▶ [Supplied records]
* * * *

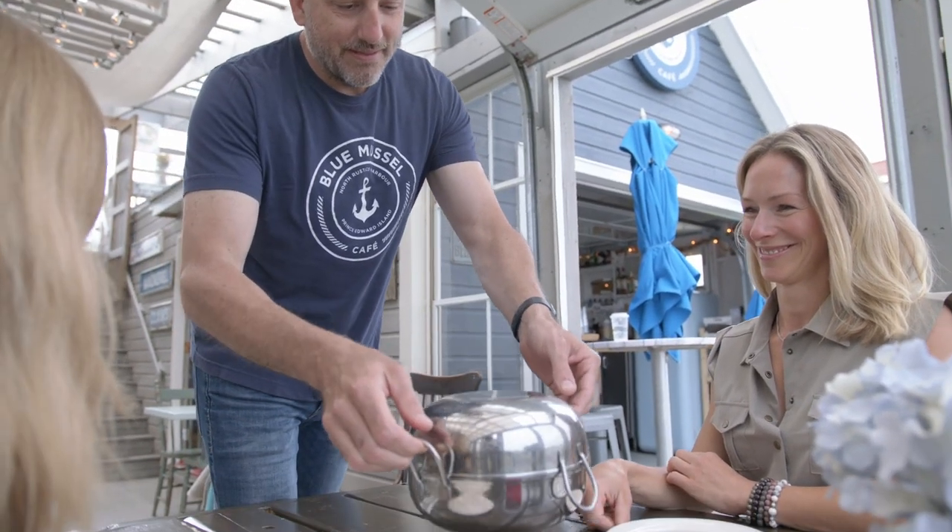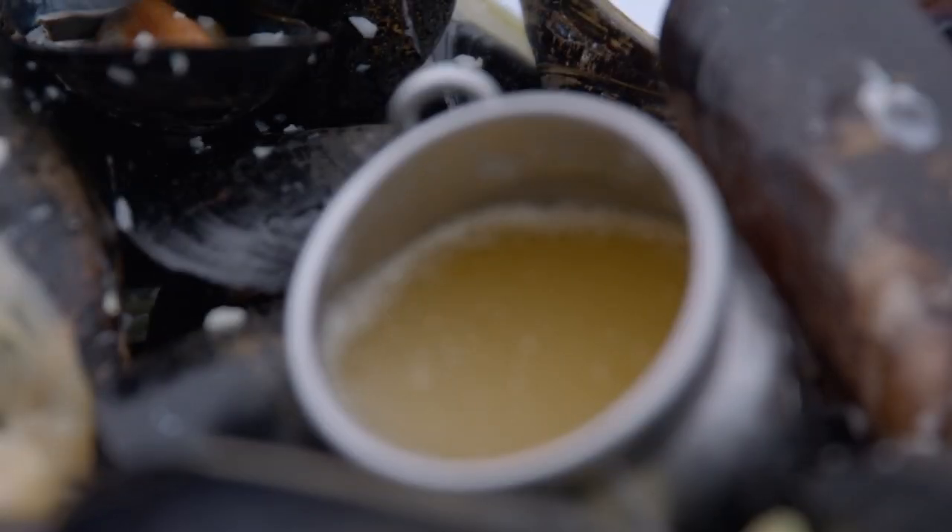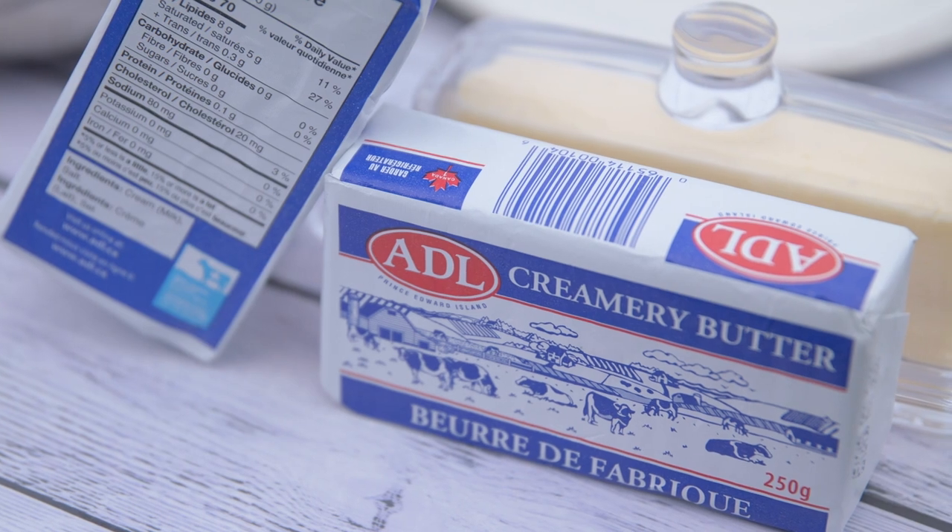We use ADL butter for a couple of reasons. We make everything from scratch here, from real fresh ingredients, and ADL has the right amount of salt and it's the right creaminess — made all locally here on the island from PEI dairy. The secret to blue mussel and the secret to cooking with seafood is you've got to use a lot of butter and you've got to use the right butter. ADL is an award-winning butter. It's all we ever use here at Blue Mussel.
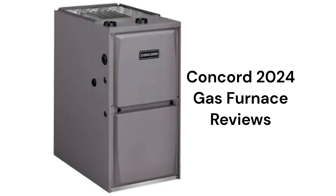They use aluminized steel primary heat exchangers, which resist corrosion but are not as durable as brands that use stainless steel. The units use hot surface ignition, which is quieter and more reliable than brands that use spark ignition.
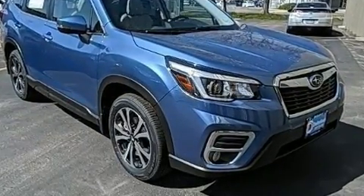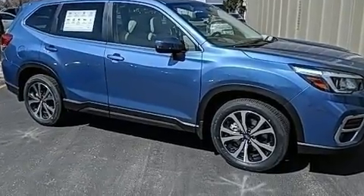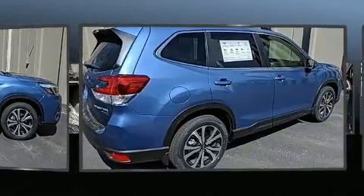All of the premium features expected of a Subaru are offered, including one-touch window functionality, adjustable headrests in all seating positions, a power liftgate, and a split folding rear seat.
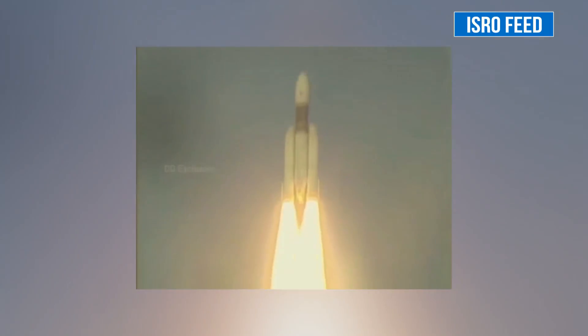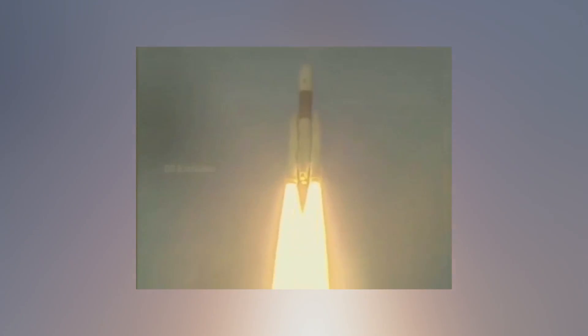Less 20 seconds. 15 seconds into the slide. Less 20 seconds. First stage performance normal. Indicated as normal.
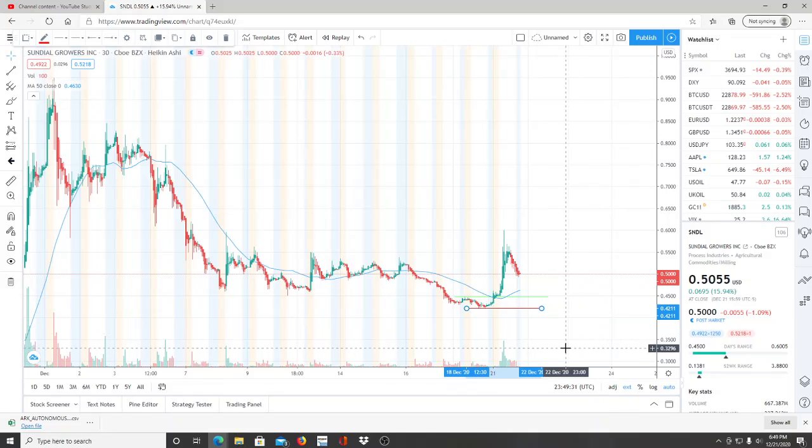Alright everyone, here we are with ticker symbol SNDL, Sundial Growers. Welcome to all the first-time viewers and investors — welcome to the channel Invest for Tomorrow. To all the subscribers, welcome back. Let's jump into this chart. SNDL has had a bullish run today and then it goes back into a bearish trajectory.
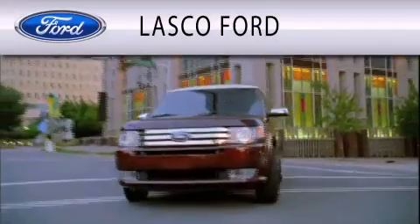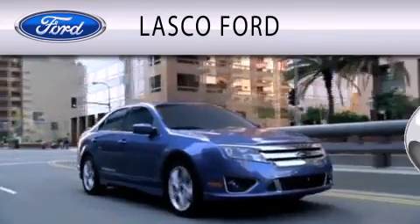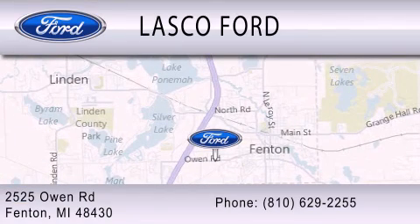Lasko Ford is dedicated to doing everything possible to ensure that the experience you have selecting your vehicle is as pleasant as possible. We are located at 2525 Owen Road in Fenton.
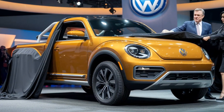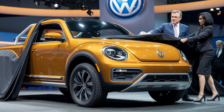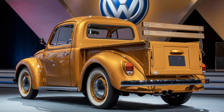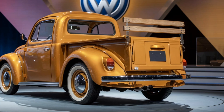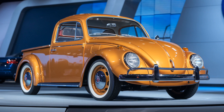Welcome back to the channel. Today we have something truly special for all you car enthusiasts out there. We're diving deep into the details of the 2025 Volkswagen Beetle pickup truck. Yes, you heard that right — a Beetle with a bed. This unique blend of classic design and modern utility is sure to turn heads, and we're here to give you a full breakdown.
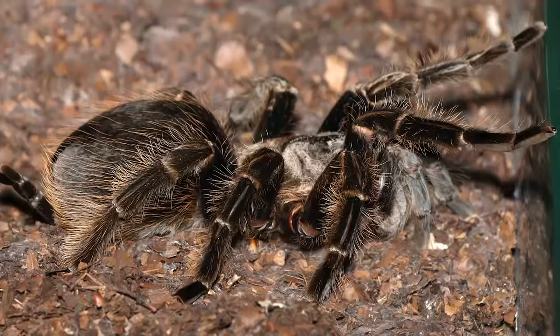This is a Honduran curly hair tarantula, Brachypelma albopilosum. This is one of the best beginner tarantula species because they reach a fairly manageable size, tolerate handling very well, and they look very cool. The Honduran curly hairs get their name from the very long hairs all over their body — I'll throw up a picture so you can see what they look like when they're full grown.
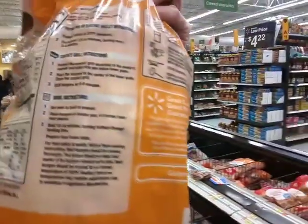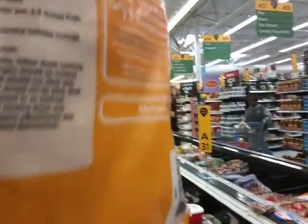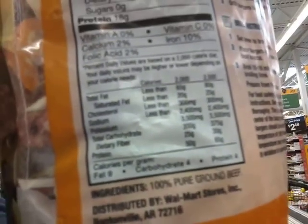Check this out — on the back, the ingredients: 100% pure ground beef. That's it. No palm oil, no artificial coloring, no fructose sugar — just beef.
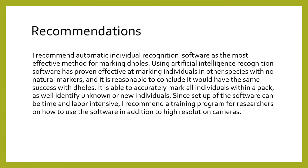I recommend automatic individual recognition software as the most effective method for marking dholes. Using artificial intelligence recognition software has proven effective at marking individuals in other species with no natural markers, and it is reasonable to conclude it would have the same success with dholes. It is able to accurately mark all individuals within a pack as well as identify unknown or new individuals. Since setup for the software can be time and labor intensive, I recommend a training program for researchers on how to use the software, in addition to high resolution cameras.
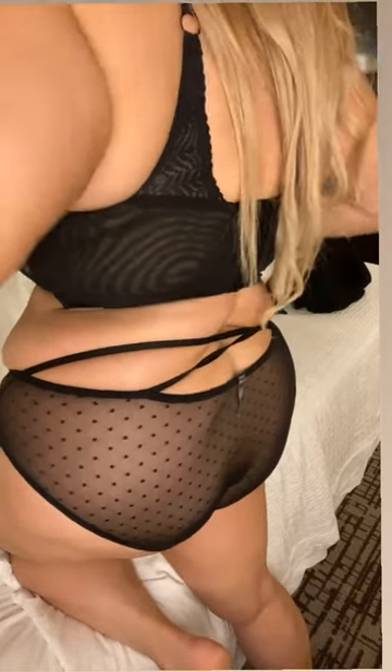Oh, I almost forgot my hat! I love this corduroy baseball hat and these big sunglasses. This is a great sporty chic look for daytime errands and exploring the city.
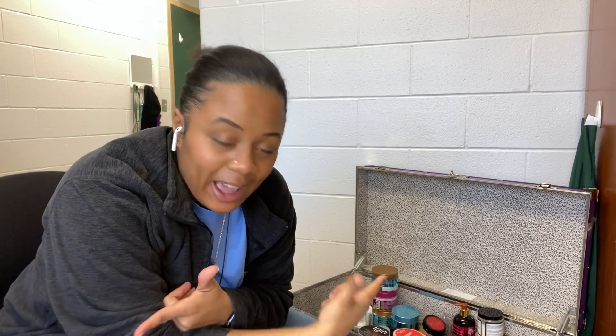Hey y'all, the moment is here that y'all been waiting for. Today I'm gonna be showing y'all my product stash of all the natural hair products that I have accumulated throughout this year and probably a little bit from last year. This is also the time that I'm gonna clean out my stash. I'm gonna show you guys what I got and try to make this as quick as possible because I know I have a lot.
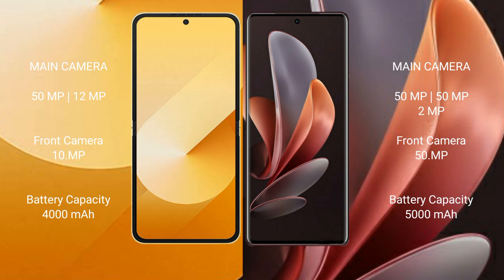The Samsung Galaxy Z Flip 6 features a dual camera setup with a 50-megapixel plus 12-megapixel rear camera and a 29-megapixel front camera. The Vivo V30 features a triple camera setup with a 50-megapixel plus 50-megapixel plus 2-megapixel rear camera and a 50-megapixel front camera. The Samsung Galaxy Z Flip 6 has a 4000mAh battery with 25W fast charging support, while the Vivo V30 has a 5000mAh battery with 80W fast charging support.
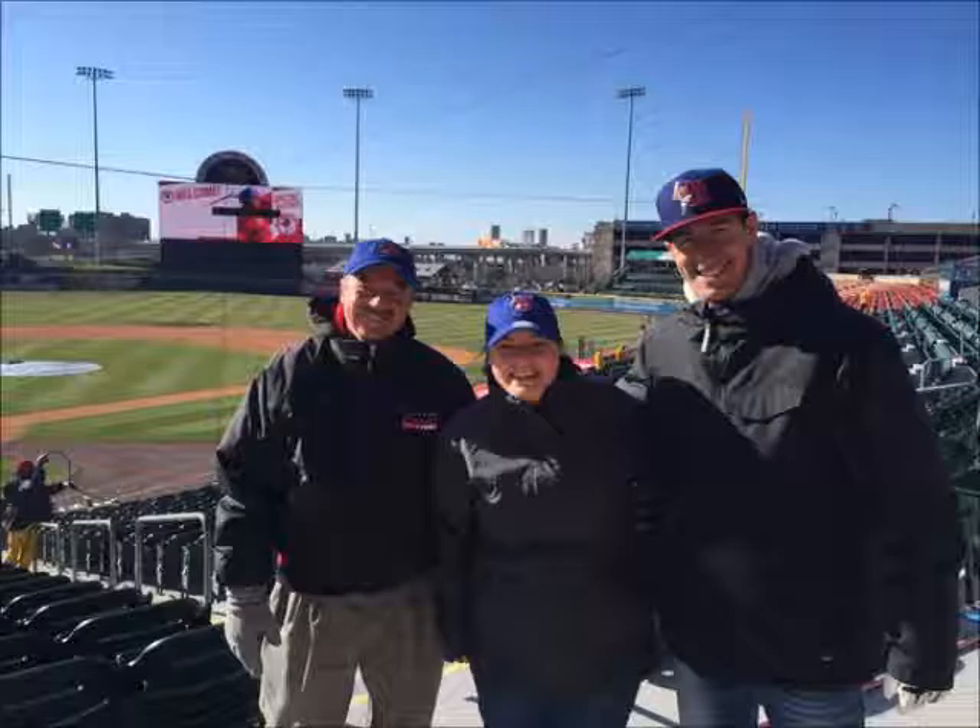The sun is up, 31 degrees, but by first pitch this afternoon they expect it to be around 50, which, you know, when you think about the history of opening days here, it's a lot warmer than most of them.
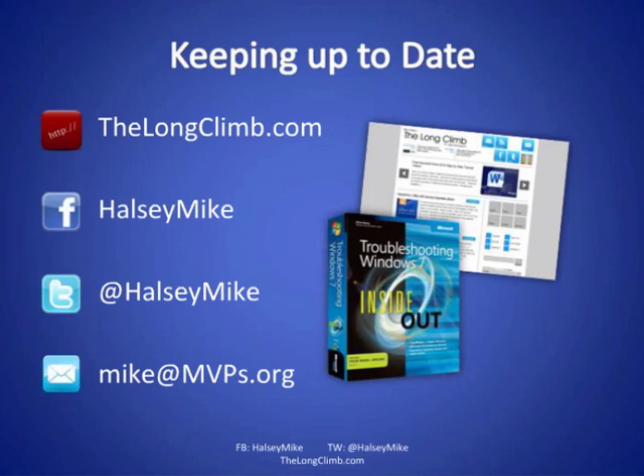Deanna asks about using GitHub for backups on projects. I've honestly never heard of GitHub, but if you email me I'll look into it and try to get you an answer.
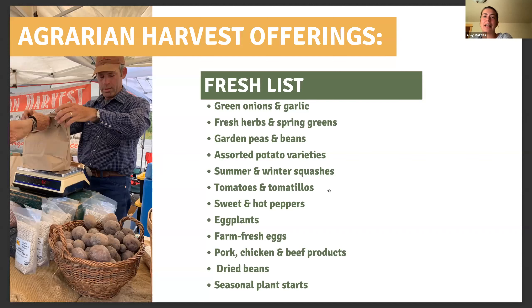I'll give John an opportunity to share anything I missed or a product he wants to highlight. John: It's a pretty diverse list and I sometimes forget all the stuff that we raise until it's ready for market. The list here is pretty good. Some of our stuff is real seasonal and in short supply, but we do our best. If you have questions, feel free to contact us at agrarianharvest.com — our emails and phone numbers are on there.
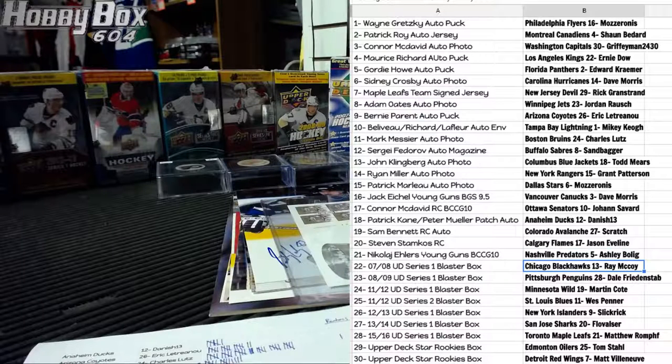Connor McDavid rookie BCCG goes to Ottawa and Johan Savard. Patrick Kane and Patrick Mueller autographed patch goes to Danish 13 and Anaheim. Sam Bennett rookie auto goes to Scratch and Colorado. Steven Stamkos goes to Game Bit and the Flames. Nikolai Ehlers Young Guns BCCG goes to the Predators and Ashley. The 07-08 blaster goes to Chicago and Ray McCoy. The 08-09 blaster goes to Pittsburgh and a kit. TNT blaster number three, 11-12 Series 1, goes to Minnesota and Martin C. 11-12 Series 2 goes to West P and the Blues. 12-13 blaster goes to Slick and the Islanders. 13-14 goes to Football Sir and the Sharks. 15-16 goes to Matthew R and the Leafs. Stars rookie goes to Tom S and the Oilers, and the Red Wings gets the other stars rookie — sorry Edmonton, Detroit did pretty good but Edmonton didn't.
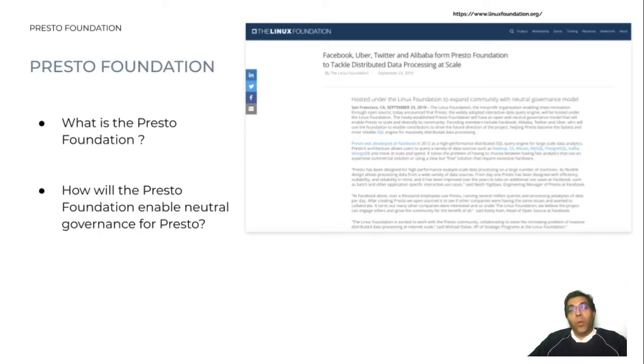The Presto Foundation has an open and neutral governance model that enables Presto to scale and diversify its community and to enable more contributors to drive the future direction of the project. Presto Foundation operates under a community governance model with representation from each of the founding members. With this evolution, Facebook, along with the other members, now collaborate with a broader ecosystem of users and contributors as one voice in the future of the foundation.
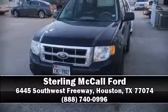Please don't hesitate to give us a call.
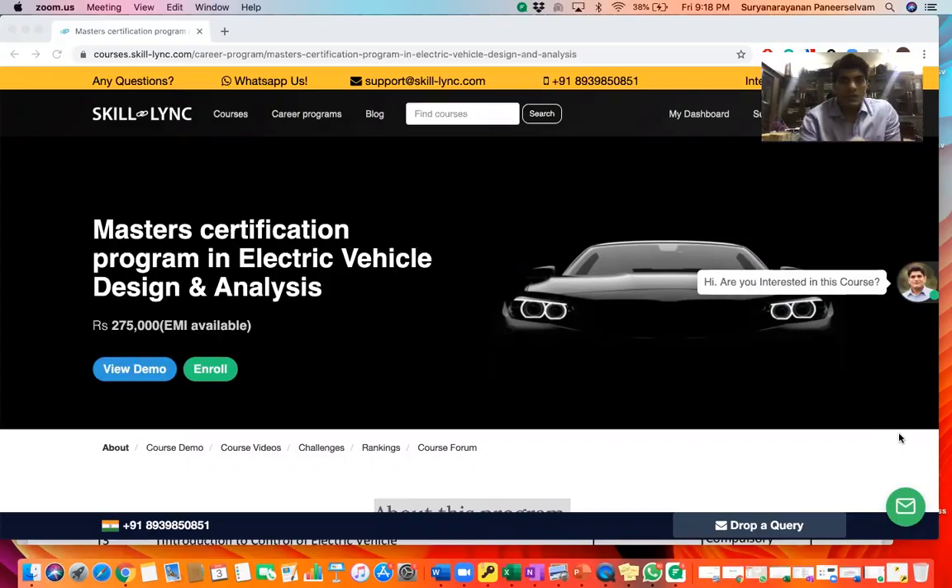As you know, Skilllink provides job-leading courses for mechanical, automotive, electrical, and electronics engineers. Previously we had a Masters in Hybrid Electric Vehicle program which has been running successfully over the last one year. This year we wanted to launch an exclusive Masters in Electric Vehicle Design and Analysis, and we have done that.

* * * *

▶ [Task]
Restate each entry exactly, omitting pictures.

▶ [Your response]
We use ADL butter for a couple of reasons. We make everything from scratch here, from real fresh ingredients, and ADL has the right amount of salt and it's the right creaminess — made all locally here on the island from PEI dairy. The secret to blue mussel and the secret to cooking with seafood is you've got to use a lot of butter and you've got to use the right butter. ADL is an award-winning butter. It's all we ever use here at Blue Mussel.
They use aluminized steel primary heat exchangers, which resist corrosion but are not as durable as brands that use stainless steel. The units use hot surface ignition, which is quieter and more reliable than brands that use spark ignition.
All of the premium features expected of a Subaru are offered, including one-touch window functionality, adjustable headrests in all seating positions, a power liftgate, and a split folding rear seat.
Less 20 seconds. 15 seconds into the slide. Less 20 seconds. First stage performance normal. Indicated as normal.
Alright everyone, here we are with ticker symbol SNDL, Sundial Growers. Welcome to all the first-time viewers and investors — welcome to the channel Invest for Tomorrow. To all the subscribers, welcome back. Let's jump into this chart. SNDL has had a bullish run today and then it goes back into a bearish trajectory.
Lasko Ford is dedicated to doing everything possible to ensure that the experience you have selecting your vehicle is as pleasant as possible. We are located at 2525 Owen Road in Fenton.
Welcome back to the channel. Today we have something truly special for all you car enthusiasts out there. We're diving deep into the details of the 2025 Volkswagen Beetle pickup truck. Yes, you heard that right — a Beetle with a bed. This unique blend of classic design and modern utility is sure to turn heads, and we're here to give you a full breakdown.
This is a Honduran curly hair tarantula, Brachypelma albopilosum. This is one of the best beginner tarantula species because they reach a fairly manageable size, tolerate handling very well, and they look very cool. The Honduran curly hairs get their name from the very long hairs all over their body — I'll throw up a picture so you can see what they look like when they're full grown.
Check this out — on the back, the ingredients: 100% pure ground beef. That's it. No palm oil, no artificial coloring, no fructose sugar — just beef.
I recommend automatic individual recognition software as the most effective method for marking dholes. Using artificial intelligence recognition software has proven effective at marking individuals in other species with no natural markers, and it is reasonable to conclude it would have the same success with dholes. It is able to accurately mark all individuals within a pack as well as identify unknown or new individuals. Since setup for the software can be time and labor intensive, I recommend a training program for researchers on how to use the software, in addition to high resolution cameras.
Oh, I almost forgot my hat! I love this corduroy baseball hat and these big sunglasses. This is a great sporty chic look for daytime errands and exploring the city.
Hey y'all, the moment is here that y'all been waiting for. Today I'm gonna be showing y'all my product stash of all the natural hair products that I have accumulated throughout this year and probably a little bit from last year. This is also the time that I'm gonna clean out my stash. I'm gonna show you guys what I got and try to make this as quick as possible because I know I have a lot.
The Samsung Galaxy Z Flip 6 features a dual camera setup with a 50-megapixel plus 12-megapixel rear camera and a 29-megapixel front camera. The Vivo V30 features a triple camera setup with a 50-megapixel plus 50-megapixel plus 2-megapixel rear camera and a 50-megapixel front camera. The Samsung Galaxy Z Flip 6 has a 4000mAh battery with 25W fast charging support, while the Vivo V30 has a 5000mAh battery with 80W fast charging support.
The sun is up, 31 degrees, but by first pitch this afternoon they expect it to be around 50, which, you know, when you think about the history of opening days here, it's a lot warmer than most of them.
Deanna asks about using GitHub for backups on projects. I've honestly never heard of GitHub, but if you email me I'll look into it and try to get you an answer.
I'll give John an opportunity to share anything I missed or a product he wants to highlight. John: It's a pretty diverse list and I sometimes forget all the stuff that we raise until it's ready for market. The list here is pretty good. Some of our stuff is real seasonal and in short supply, but we do our best. If you have questions, feel free to contact us at agrarianharvest.com — our emails and phone numbers are on there.
Connor McDavid rookie BCCG goes to Ottawa and Johan Savard. Patrick Kane and Patrick Mueller autographed patch goes to Danish 13 and Anaheim. Sam Bennett rookie auto goes to Scratch and Colorado. Steven Stamkos goes to Game Bit and the Flames. Nikolai Ehlers Young Guns BCCG goes to the Predators and Ashley. The 07-08 blaster goes to Chicago and Ray McCoy. The 08-09 blaster goes to Pittsburgh and a kit. TNT blaster number three, 11-12 Series 1, goes to Minnesota and Martin C. 11-12 Series 2 goes to West P and the Blues. 12-13 blaster goes to Slick and the Islanders. 13-14 goes to Football Sir and the Sharks. 15-16 goes to Matthew R and the Leafs. Stars rookie goes to Tom S and the Oilers, and the Red Wings gets the other stars rookie — sorry Edmonton, Detroit did pretty good but Edmonton didn't.
The Presto Foundation has an open and neutral governance model that enables Presto to scale and diversify its community and to enable more contributors to drive the future direction of the project. Presto Foundation operates under a community governance model with representation from each of the founding members. With this evolution, Facebook, along with the other members, now collaborate with a broader ecosystem of users and contributors as one voice in the future of the foundation.
Please don't hesitate to give us a call.
As you know, Skilllink provides job-leading courses for mechanical, automotive, electrical, and electronics engineers. Previously we had a Masters in Hybrid Electric Vehicle program which has been running successfully over the last one year. This year we wanted to launch an exclusive Masters in Electric Vehicle Design and Analysis, and we have done that.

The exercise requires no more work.